Mr. Buck said the president’s approach was not necessarily helpful to him politically because it “didn’t pass the laugh test for a super serious situation that has ruined millions of people’s lives.” But he said it was still concerning because “half the country takes their cues from him.”
Another Republican strategist, Antonia Ferrier, a former adviser to the Senate majority leader, Mitch McConnell, said the president could take cues from other world leaders who had won a battle with the virus.
“After being released from the hospital, British Prime Minister Boris Johnson showed in personal terms how the virus impacted him — thanking those who helped him get back on his feet, committing to tackling the virus and balancing the challenges facing his country,” she said. “President Trump has an opportunity to communicate a similarly positive message.”
The campaign started to publicly preview that approach. “He has experience now fighting the coronavirus as an individual,” said Erin Perrine, a campaign spokeswoman. “Joe Biden doesn’t have that.”
It’s similar to a message Mr. Trump broadcast in 2016 — that he was able to combat corruption in the political system because he had once been part of that system as a donor.
Trump campaign officials continue to insist they are making no alternative preparations for the second debate and plan to be there. But Dr. Sean P. Conley, the White House physician, said it would not be clear until Oct. 12 whether Mr. Trump is over the hump of his virus.
Mr. Trump signaled his eagerness to resume campaigning in a Twitter post Monday evening. “Will be back on the Campaign Trail soon!!! The Fake News only shows the Fake Polls,’’ he wrote.

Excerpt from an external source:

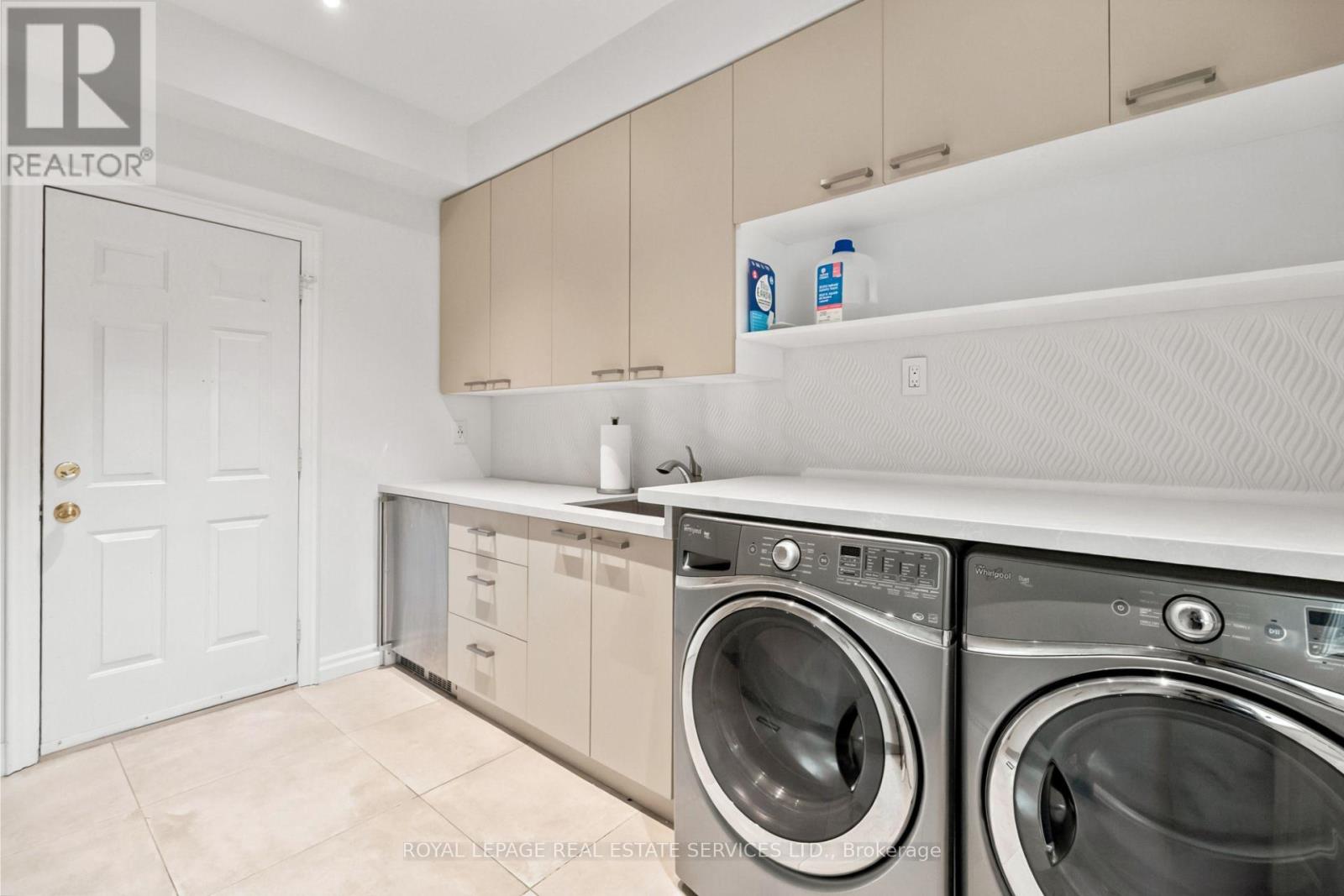 39 ROCKINGHAM DRIVE - 21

Internally at the Trump campaign, the view of the candidate’s chances are mixed. Advisers continue to hold out the belief that former Vice President Joseph R. Biden Jr., Mr. Trump’s challenger, could stumble, or that unforeseen events could intervene in the race. They frequently mention that the infamous “Access Hollywood” tape was made public on Oct. 7, 2016, a revelation that was supposed to sink Mr. Trump but did not.

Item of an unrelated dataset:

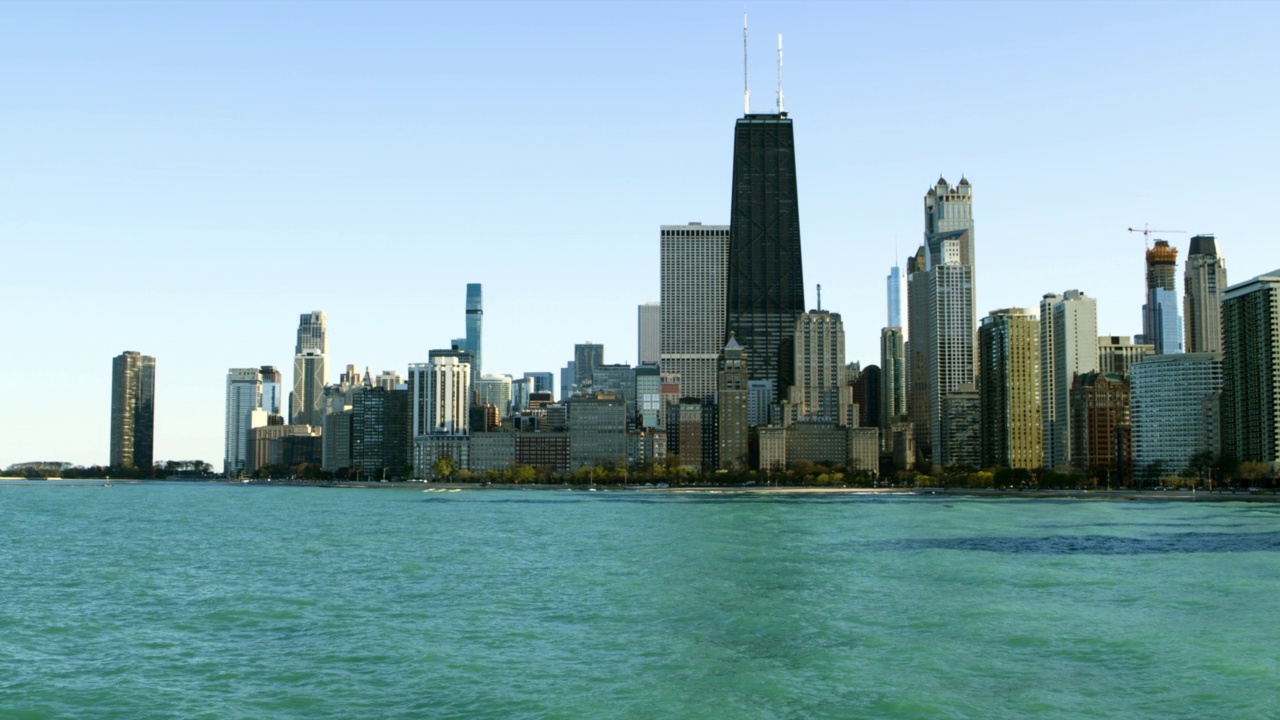 空中慢慢接近美丽的市中心在密歇根湖-芝加哥，伊利诺伊州视频素材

Mr. Trump’s advisers are also trying to paint the virus as one in a long string of fights he has overcome, in line with the investigation into whether his campaign had ties with Russia or the impeachment inquiry.

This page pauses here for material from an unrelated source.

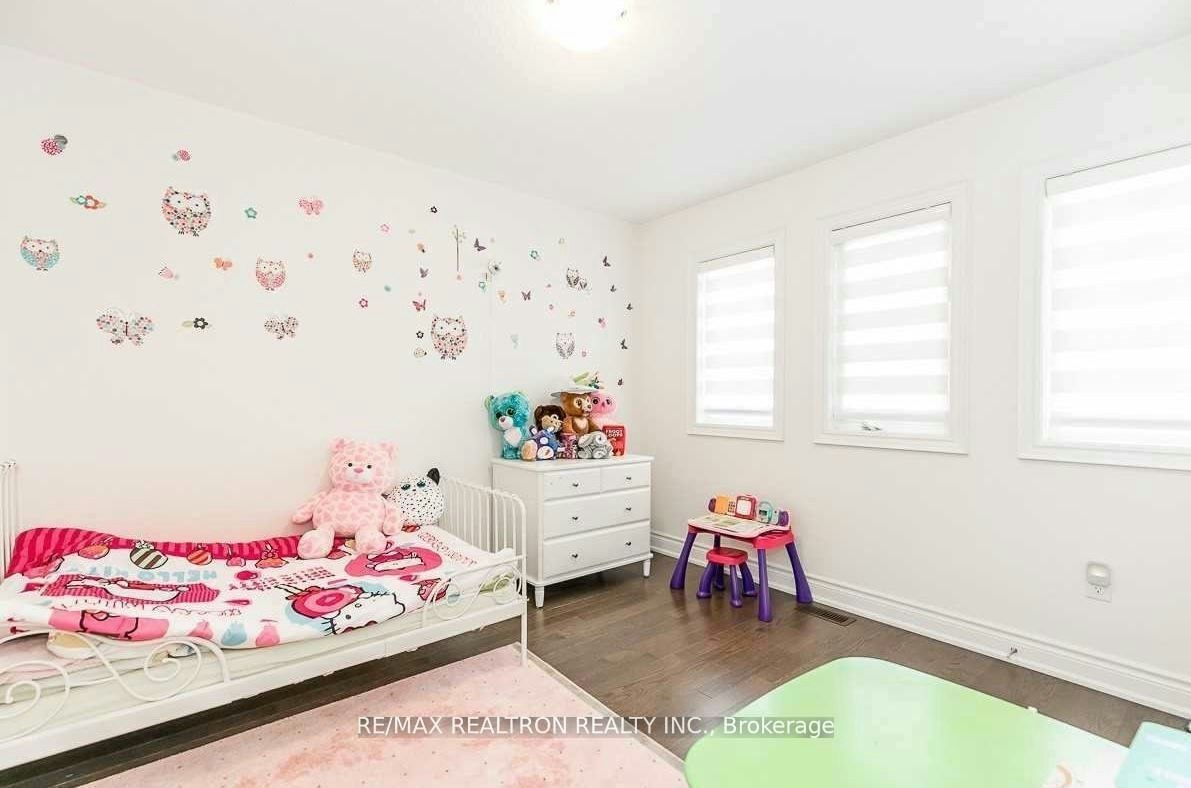 17 Larkfield Crescent, East Gwillimbury, ON, L9N 0P7 - 26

When talking about their internal polling, some officials insist the surveys need to be shifted to account for “hidden” Trump voters who showed up in 2016.
But the campaign, which in September cut down on the number of traditional polls it had been previously been conducting, according to two people familiar with the decision, has been suffering a cash crunch that won’t be helped by Mr. Trump’s inability to appear at fund-raisers.
Campaign officials said the expectation was still to resume presidential rallies before November, contending that Mr. Trump’s only real exposure to people at those events was on the plane, and the entourage traveling with him would be smaller because so many of his own aides are out sick as well. The officials spoke on the condition of anonymity to disclose internal deliberations.
The president in many ways continues to behave as if he is a private citizen who happens to work in the White House. He has been incensed, for example, at reporting on whether he might have to transfer power to the vice president, the type of news coverage that has existed when other presidents have faced medical issues.
“With four weeks remaining and nearly four million Americans already casting their votes, it’s awfully late to change perceptions about President Trump or his performance,” said Liam Donovan, a Republican strategist.
“And to the extent voters are open to reassessing their views, the president’s video dispatch from Walter Reed reflected the challenge of what his campaign seeks to do: The initial glimpse of humanity and humility quickly gives way to a rambling monologue that undermines the whole endeavor.”